Rezayat Group Allegedly Breached in Ransomware Attack by Everest Gang
Saudi Arabia’s Rezayat Group, a multibillion-dollar industrial services conglomerate, has reportedly become the latest victim of the Everest ransomware group. The threat actors posted Rezayat’s name and a data sample on their dark web leak site, suggesting they exfiltrated approximately 10GB of sensitive information.
The Rezayat Group oversees a network of 25 companies across engineering, logistics, construction, and manufacturing, with operations in 13 countries and a global workforce exceeding 20,000 employees.
The Everest group claims to have accessed confidential files including client contracts, technical schematics, and internal reports. While full verification remains pending, researchers have reviewed screenshots shared by the attackers which include:
- Signed contract documents allegedly tied to Rezayat clients
- Technical drawings believed to represent industrial infrastructure
- Internal communications and operations-related reports
The Cybernews research team, after examining the leak, warned:
“As the data includes reports and contracts with other companies, the alleged data breach could affect Rezayat’s reputation with its clients. Moreover, attackers could use the leaked data to craft supply chain attacks.”
Rezayat has yet to comment on the breach allegations. The screenshots shared thus far appear to be intended as pressure tactics, a common ransomware strategy where partial data is leaked to push victims into ransom negotiations.
Everest Ransomware: A Persistent Threat Actor With a Global Victim List
The Everest ransomware cartel has a known history of targeting high-profile organizations and critical sectors. First emerging in 2021, the group has ties to the Russia-linked BlackByte syndicate, and has steadily expanded its reach across continents.

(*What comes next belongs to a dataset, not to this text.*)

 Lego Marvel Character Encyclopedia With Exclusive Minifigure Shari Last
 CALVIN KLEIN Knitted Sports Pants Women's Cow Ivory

In recent months, Everest has claimed responsibility for attacks on major firms including:
- Mediclinic Group, a global healthcare provider
- Coca-Cola, where it reportedly stole sensitive internal and HR documents
- AT&T, which it claimed to have breached in 2022, offering access to its corporate network
Everest operators are known to exploit compromised user accounts and Remote Desktop Protocol (RDP) for lateral movement within target environments. According to Cybernews’ Ransomlooker, the group has listed over 100 victims in the past year alone.
Analysts note a growing focus on the Middle East region, suggesting it is now a key target for ransomware cartels due to the region’s expanding industrial infrastructure and global business ties.
As of now, it remains unclear whether Rezayat has engaged with the attackers or paid any ransom. However, the exposed files, if authentic, highlight the growing risk to supply chain partners and the critical services sector, where stolen documents can ripple through connected systems and clients.
The breach, if confirmed, will likely renew scrutiny over cybersecurity posture within industrial and engineering firms operating across high-value, international contracts.